▶ _Task requirements_
Transcribe every line of the material below exactly, leaving out the pictures.

▶ _Source records_
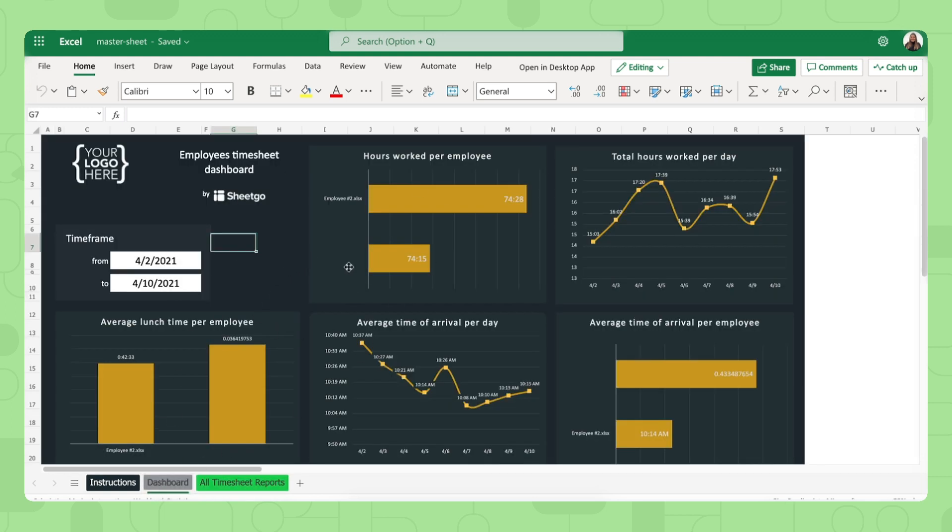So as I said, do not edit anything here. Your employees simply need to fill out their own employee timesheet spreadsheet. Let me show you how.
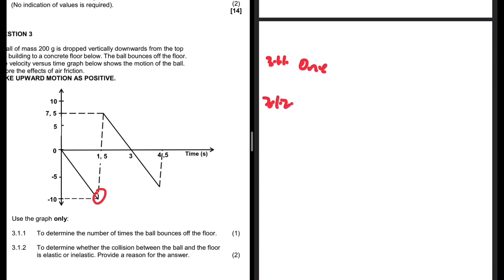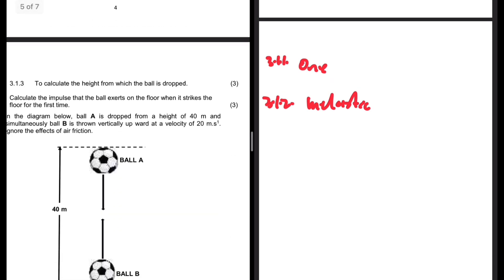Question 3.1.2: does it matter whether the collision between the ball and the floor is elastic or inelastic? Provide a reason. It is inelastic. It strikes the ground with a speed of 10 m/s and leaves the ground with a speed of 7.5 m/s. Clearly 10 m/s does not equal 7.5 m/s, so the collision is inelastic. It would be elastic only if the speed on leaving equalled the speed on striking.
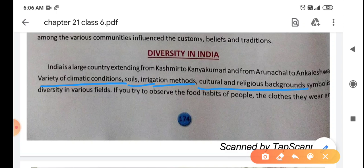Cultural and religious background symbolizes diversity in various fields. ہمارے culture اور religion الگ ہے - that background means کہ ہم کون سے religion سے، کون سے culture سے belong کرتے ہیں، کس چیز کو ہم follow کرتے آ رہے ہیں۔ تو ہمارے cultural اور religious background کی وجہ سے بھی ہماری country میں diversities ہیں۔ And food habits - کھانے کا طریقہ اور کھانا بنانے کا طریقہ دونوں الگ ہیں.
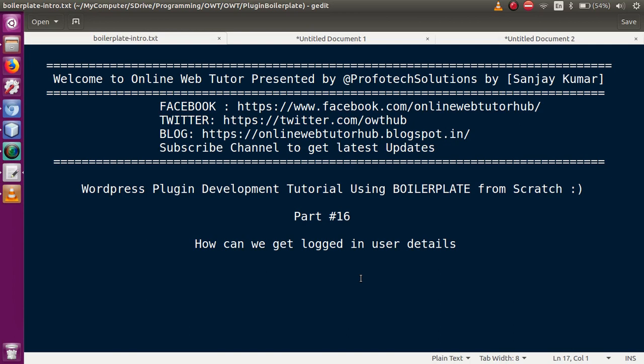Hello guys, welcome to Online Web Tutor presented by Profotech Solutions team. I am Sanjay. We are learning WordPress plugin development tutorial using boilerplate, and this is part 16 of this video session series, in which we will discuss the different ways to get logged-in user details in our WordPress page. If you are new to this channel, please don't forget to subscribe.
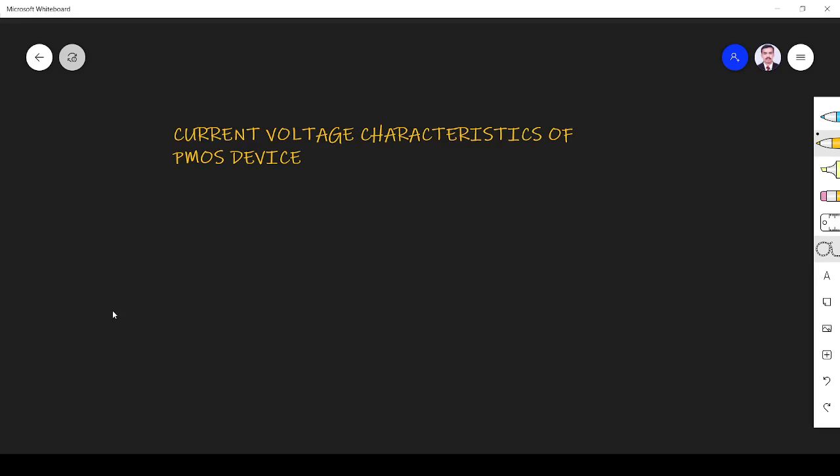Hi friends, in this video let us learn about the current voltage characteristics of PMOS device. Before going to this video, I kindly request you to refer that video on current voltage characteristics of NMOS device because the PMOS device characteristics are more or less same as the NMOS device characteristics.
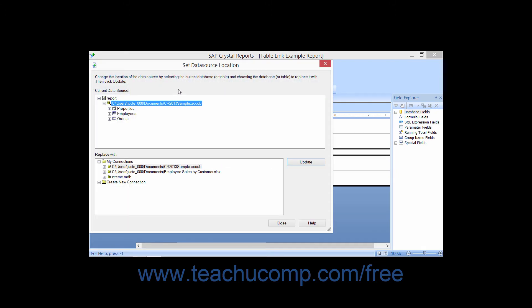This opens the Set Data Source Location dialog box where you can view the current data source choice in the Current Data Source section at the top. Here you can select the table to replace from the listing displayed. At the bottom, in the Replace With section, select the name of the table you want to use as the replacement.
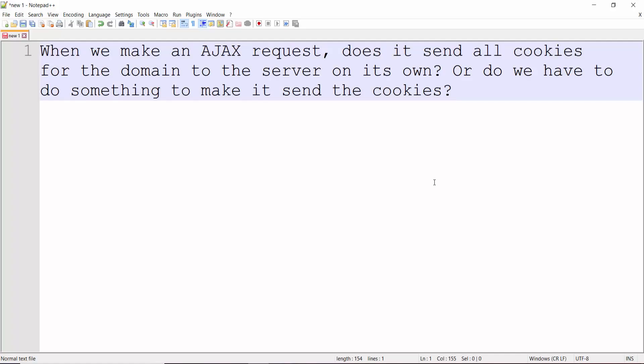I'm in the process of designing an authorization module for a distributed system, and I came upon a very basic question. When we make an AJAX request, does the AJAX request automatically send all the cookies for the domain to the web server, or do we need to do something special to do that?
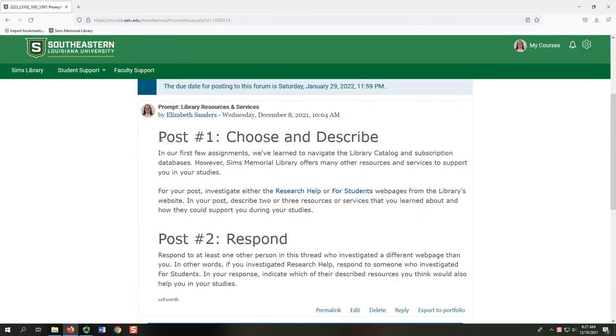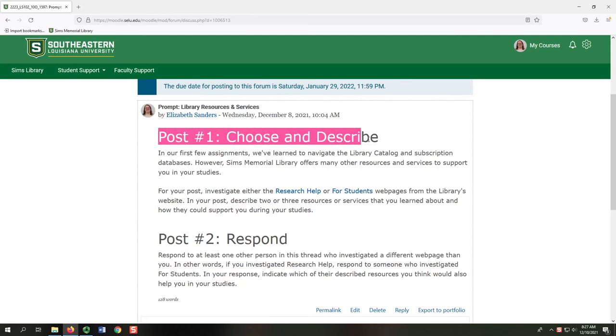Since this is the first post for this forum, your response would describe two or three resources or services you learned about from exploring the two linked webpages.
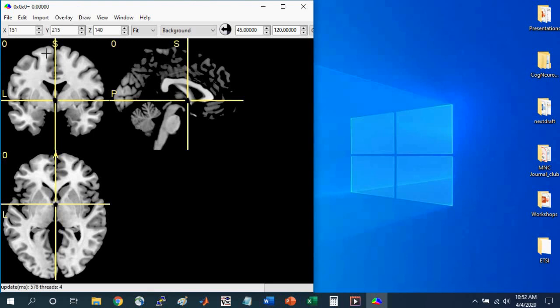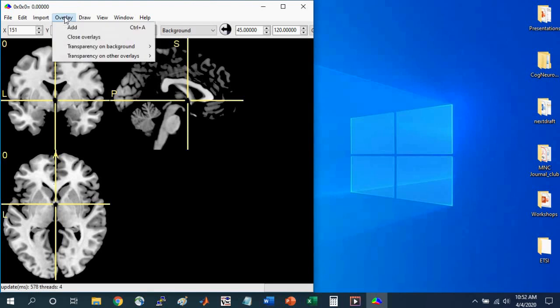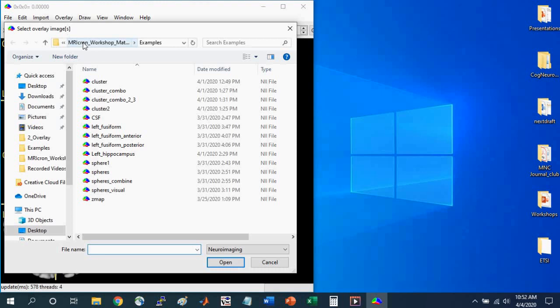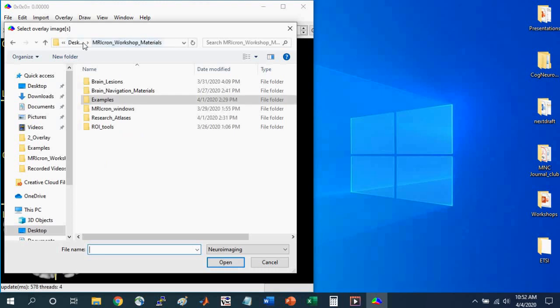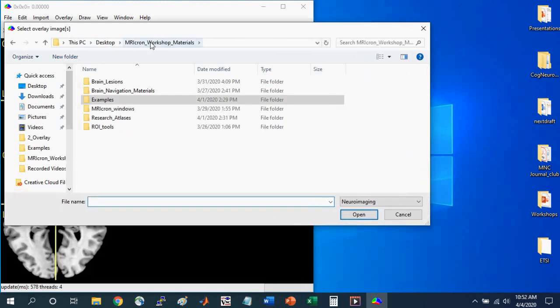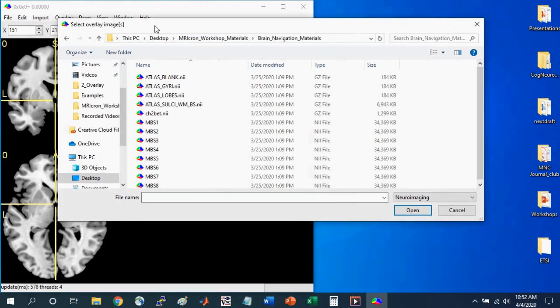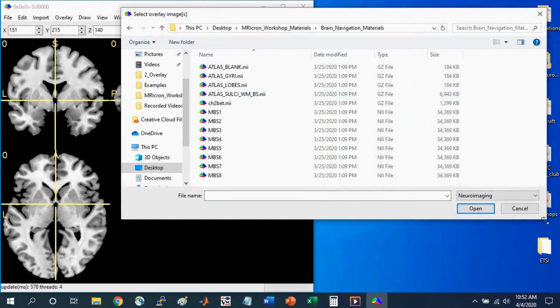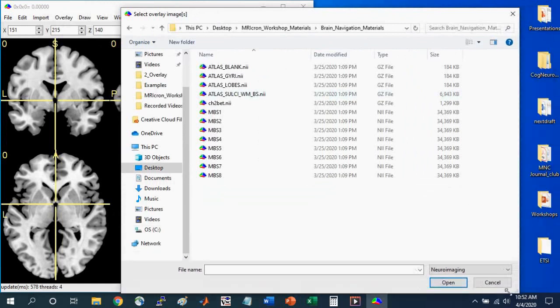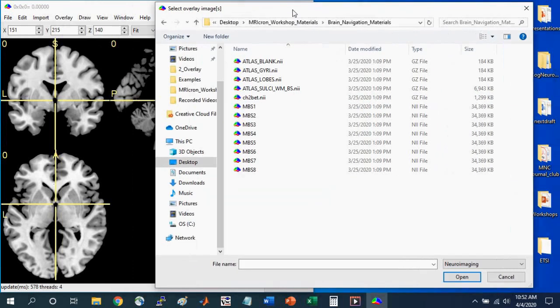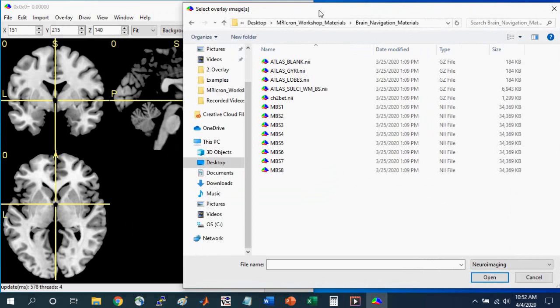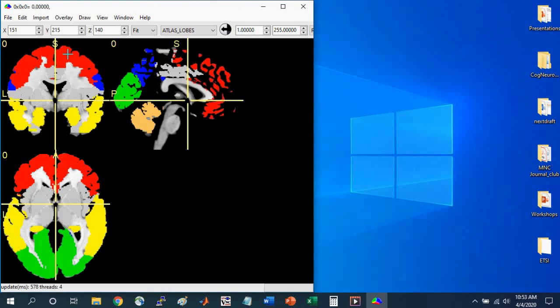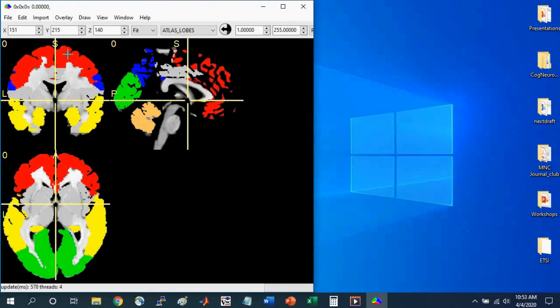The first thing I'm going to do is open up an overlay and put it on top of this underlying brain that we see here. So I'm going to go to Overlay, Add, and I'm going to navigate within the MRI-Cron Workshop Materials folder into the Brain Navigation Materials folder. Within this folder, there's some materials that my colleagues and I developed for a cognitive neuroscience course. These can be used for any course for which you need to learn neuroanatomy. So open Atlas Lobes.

▶ _Solved problem_
So as I said, do not edit anything here. Your employees simply need to fill out their own employee timesheet spreadsheet. Let me show you how.
Question 3.1.2: does it matter whether the collision between the ball and the floor is elastic or inelastic? Provide a reason. It is inelastic. It strikes the ground with a speed of 10 m/s and leaves the ground with a speed of 7.5 m/s. Clearly 10 m/s does not equal 7.5 m/s, so the collision is inelastic. It would be elastic only if the speed on leaving equalled the speed on striking.
Cultural and religious background symbolizes diversity in various fields. ہمارے culture اور religion الگ ہے - that background means کہ ہم کون سے religion سے، کون سے culture سے belong کرتے ہیں، کس چیز کو ہم follow کرتے آ رہے ہیں۔ تو ہمارے cultural اور religious background کی وجہ سے بھی ہماری country میں diversities ہیں۔ And food habits - کھانے کا طریقہ اور کھانا بنانے کا طریقہ دونوں الگ ہیں.
Hello guys, welcome to Online Web Tutor presented by Profotech Solutions team. I am Sanjay. We are learning WordPress plugin development tutorial using boilerplate, and this is part 16 of this video session series, in which we will discuss the different ways to get logged-in user details in our WordPress page. If you are new to this channel, please don't forget to subscribe.
Hi friends, in this video let us learn about the current voltage characteristics of PMOS device. Before going to this video, I kindly request you to refer that video on current voltage characteristics of NMOS device because the PMOS device characteristics are more or less same as the NMOS device characteristics.
This opens the Set Data Source Location dialog box where you can view the current data source choice in the Current Data Source section at the top. Here you can select the table to replace from the listing displayed. At the bottom, in the Replace With section, select the name of the table you want to use as the replacement.
I'm in the process of designing an authorization module for a distributed system, and I came upon a very basic question. When we make an AJAX request, does the AJAX request automatically send all the cookies for the domain to the web server, or do we need to do something special to do that?
Since this is the first post for this forum, your response would describe two or three resources or services you learned about from exploring the two linked webpages.
The first thing I'm going to do is open up an overlay and put it on top of this underlying brain that we see here. So I'm going to go to Overlay, Add, and I'm going to navigate within the MRI-Cron Workshop Materials folder into the Brain Navigation Materials folder. Within this folder, there's some materials that my colleagues and I developed for a cognitive neuroscience course. These can be used for any course for which you need to learn neuroanatomy. So open Atlas Lobes.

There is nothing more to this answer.